Ormai non passa giorno che il presidente dell’INPS, Pasquale Tridico, non rilanci la sua idea di abbassare l’orario di lavoro, suppongo a parità di salario mensile. A suo dire, lavorando meno ore ci sarebbe meno disoccupazione. In pratica si tratterebbe di ripartire una quantità data (ed evidentemente considerata immutabile) di ore complessive tra un maggior numero di persone. 

Secondo Tridico:

C'è una correlazione lineare tra un basso tasso di disoccupazione e un più basso numero di ore lavorate, le correlazioni non sono predittive ma di certo non è vero il contrario.”

Non solo le correlazioni non sono predittive, ma non indicano neppure necessariamente che sia esistito un nesso causale nel passato tra le variabili che si analizzano. Però per Tridico si tratta di “un'evidenza scientifica, empirica. Poi il legislatore fa quello che vuole.”
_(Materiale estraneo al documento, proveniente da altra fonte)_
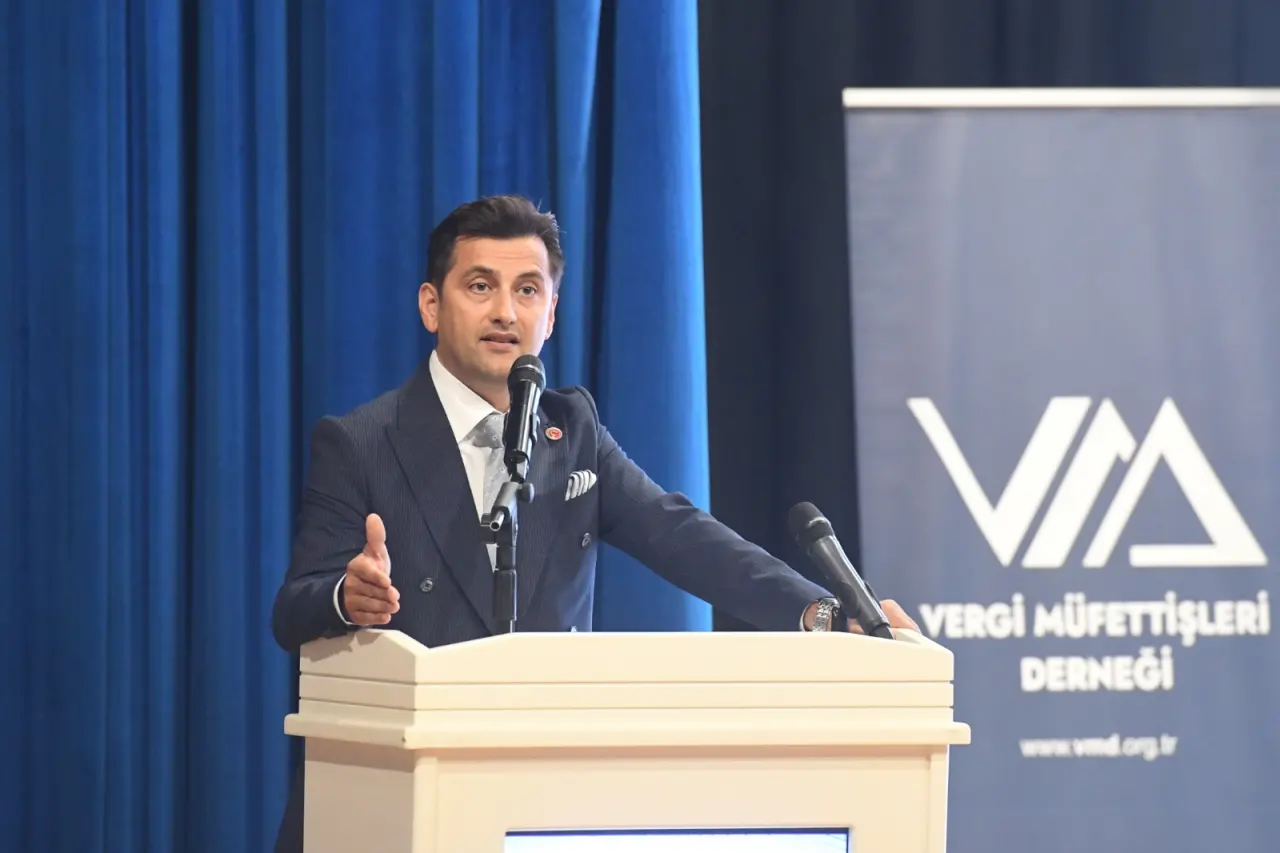 Vergi Müfettişleri Derneği'nde bayrak değişimi 46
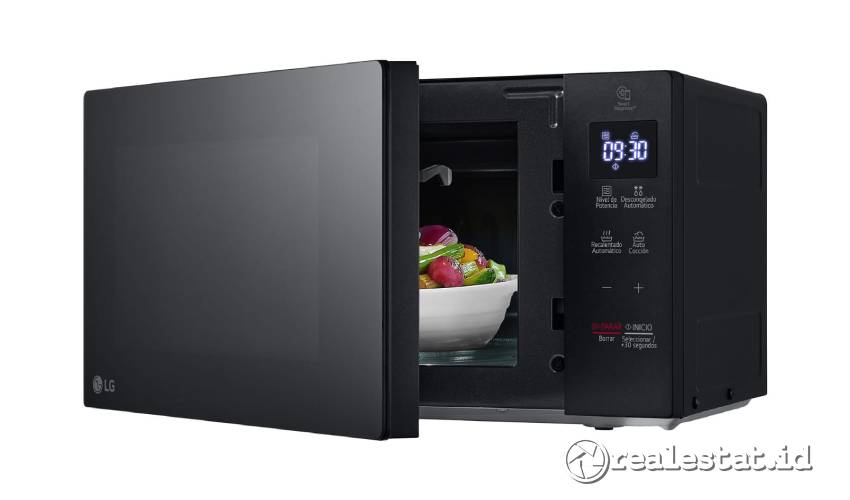 Microwave LG NeoChef Slim dilengkapi fitur Easy Clean-RealEstat.id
Per supportare la “scientificità” della sua affermazione, Tridico confronta le ore lavorate annualmente in Grecia (circa 2.000), in Italia (1.700) e Germania (1.300), e conclude che “un minor numero di lavoro e una più bassa disoccupazione.

Messa così sembra si tratta di un’affermazione che farebbe fatica a essere ammissibile perfino al bar dello sport. Dovrebbe essere evidente che debbano essere presi in considerazione una pluralità di fattori per affrontare con un minimo di plausibilità (senza scomodare la scienza) l’argomento.
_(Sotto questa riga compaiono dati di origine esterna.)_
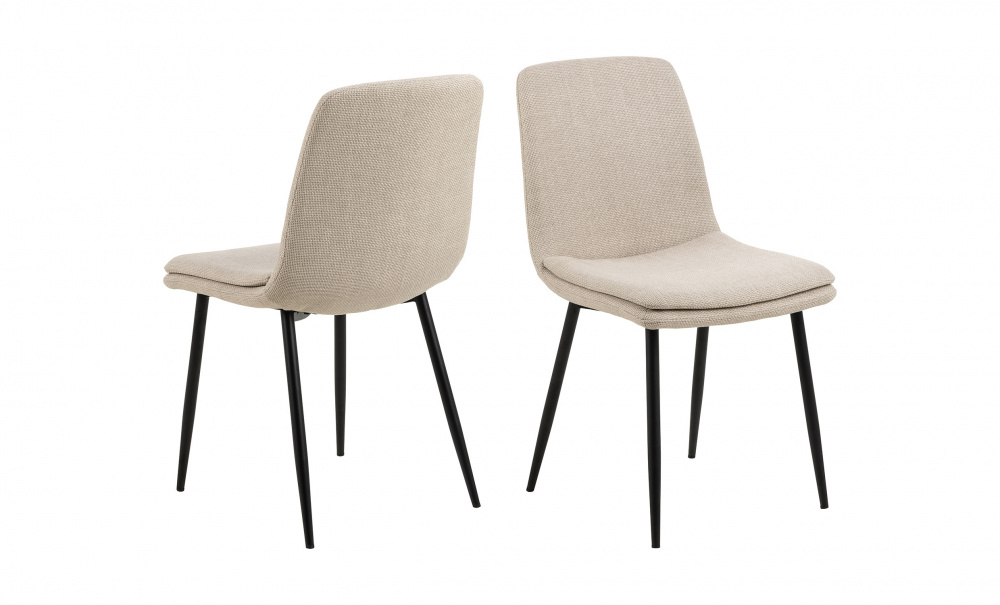 BECKA Matstol Beige i gruppen Matplats / Sittmbler / Stolar hos SoffaDirekt.se (0000103595)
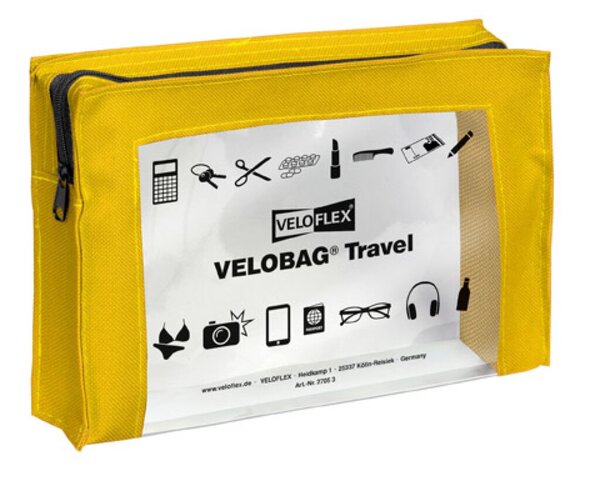 VELOBAG Travel A5 gelb gelb
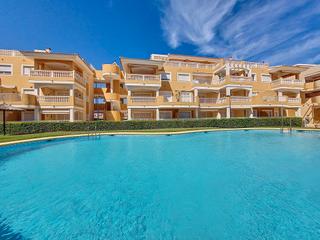 Appartement  Carrer donzella 6. Apartamento en playasol ii, al principio de las marinas en denia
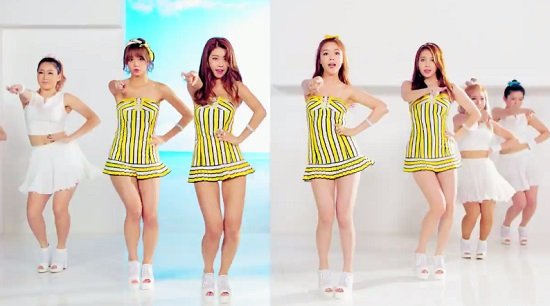 Girl’s Day 『Darling』フルM/V動画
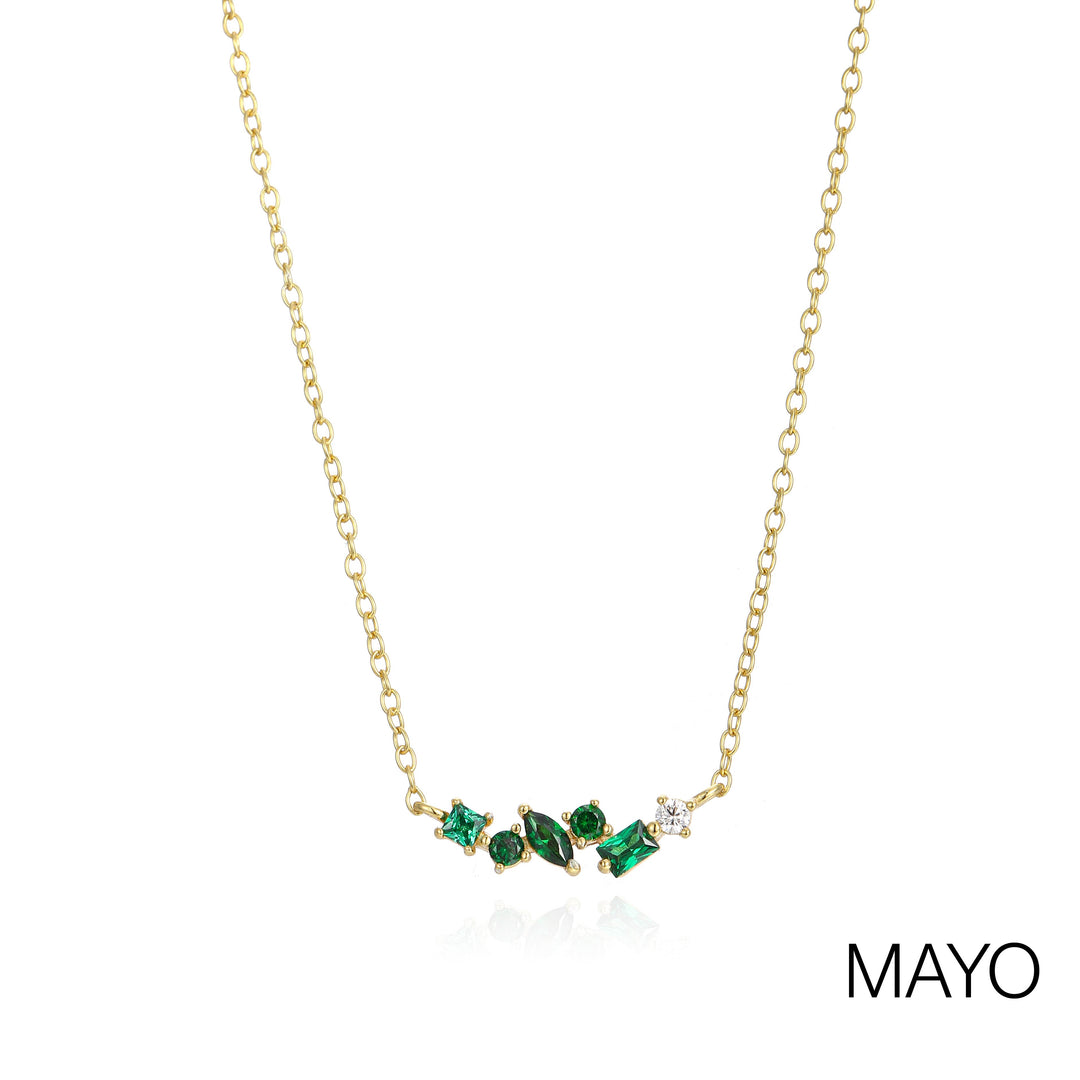 Adelle Birthstone Necklace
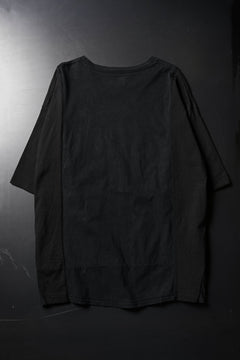 画像をギャラリービューアに読み込む, CHANGES VINTAGE REMAKE MULTI PANEL S/S TEE (BLACK #E)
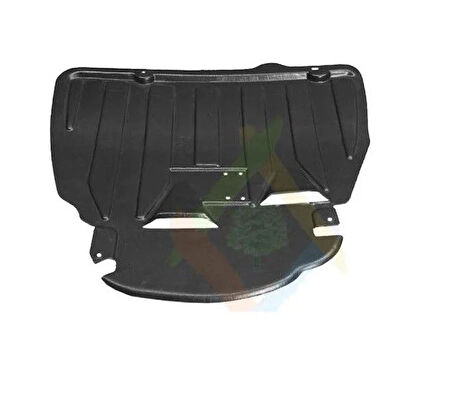 Renault Fluence 2010 Sonrası Benzinli Karter Alt Muhafaza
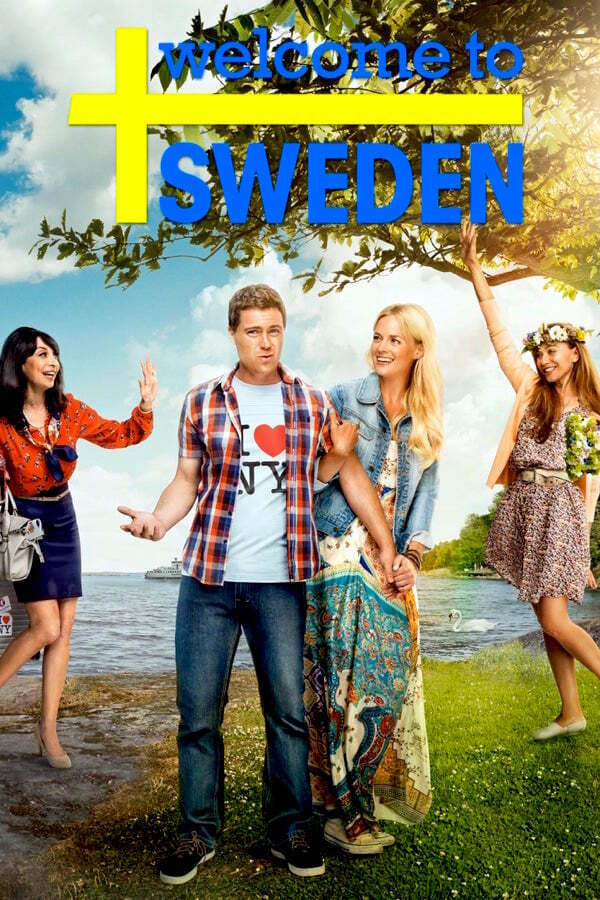 Affisch för Welcome To Sweden: Säsong 1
Per esempio, occorre paragonare la quantità e la qualità del capitale investito, delle infrastrutture, la minore o maggiore dannosità delle istituzioni pubbliche. Insomma: il solo dato sulle ore lavorate è del tutto insufficiente per trarre indicazioni tali da suggerire un accorciamento di ore lavorate a parità di altre condizioni.